TOKYO (AFP) – Japan’s shaky economy was dealt another blow Wednesday, as official data showed a widening September trade deficit that puts the world’s number-three economy on track to log a record annual shortfall.
The worse-than-expected deficit of 958.3 billion yen ($8.96 billion) adds to a string of weak figures and follows a sharp economic contraction in the second quarter after an April sales tax rise slammed the brakes on growth – fuelling fears of a recession.
The latest numbers translated into a trade deficit of 10.47 trillion yen for the first nine months of the year, a 35 per cent leap from a year ago.

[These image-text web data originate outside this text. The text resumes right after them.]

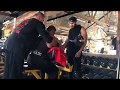 2 different Giant set rotations for Biceps with Matt Maldonado, 9/22/19 at Fit Nation Gym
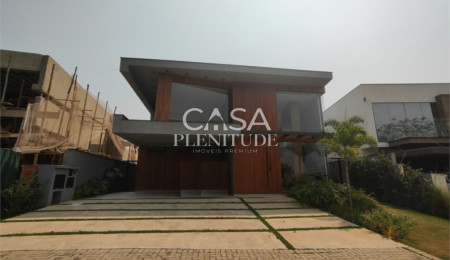Casa em condomínio à venda com 4 suítes em Alphaville Nova Esplanada, Votorantim, SP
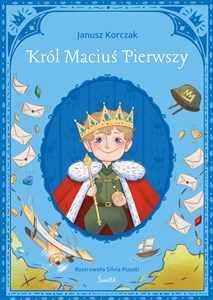 Król Maciuś Pierwszy Klasyka Świetlika pl online bookstore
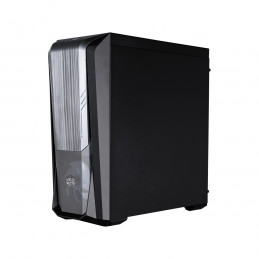 Cooler Master MasterBox 500 Midi Tower Musta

Earlier this month, the International Monetary Fund nearly halved its 2014 growth projections for Japan – to 0.9 per cent from 1.6 per cent – underscoring the damage that the tax increase inflicted on the economy.
And on Tuesday the Japanese government downgraded its outlook for the economy for the second month in a row, raising more questions about whether Tokyo will raise the levy again next year to 10 per cent from 8 per cent.
“The government and Bank of Japan (BoJ) have assumed that the domestic economy may be weak due to the consumption tax rise, but that it would be offset by foreign demand,” said Takeshi Minami, an economist at Norinchukin Research Institute.
“That scenario may be collapsing. China is slowing down and there are risks of Europe entering recession.”
However, improving shipments to Asia – which rose 8.1 per cent in September – could help smooth out Japan’s trade picture, according to SMBC Nikko Securities.
“Asian production has been slack since 2011 and was part of the reason that Japanese exports stalled,” it said in a research report.
“But it is increasing gradually now and may lead to a recovery in Japanese exports.”
The gloomy figures will heap more pressure on the government of Prime Minister Shinzo Abe and his economic growth plan dubbed “Abenomics”.
The plan stalled when Tokyo raised the sales tax on April 1 – for the first time in 17 years – to help pay down one of the world’s biggest public debt burdens.
Abe’s economic plan helped sharply weaken the yen as the central bank launched massive monetary easing stimulus.
But the currency’s drop has not translated into a strong pick-up in exports as Japanese companies shift production to lower-cost venues abroad.
Japan’s September trade deficit of 958.3 billion yen was a record for the month, up from 943.2 billion yen a year earlier, and was much worse than a market median forecast of a 768-billion-yen deficit.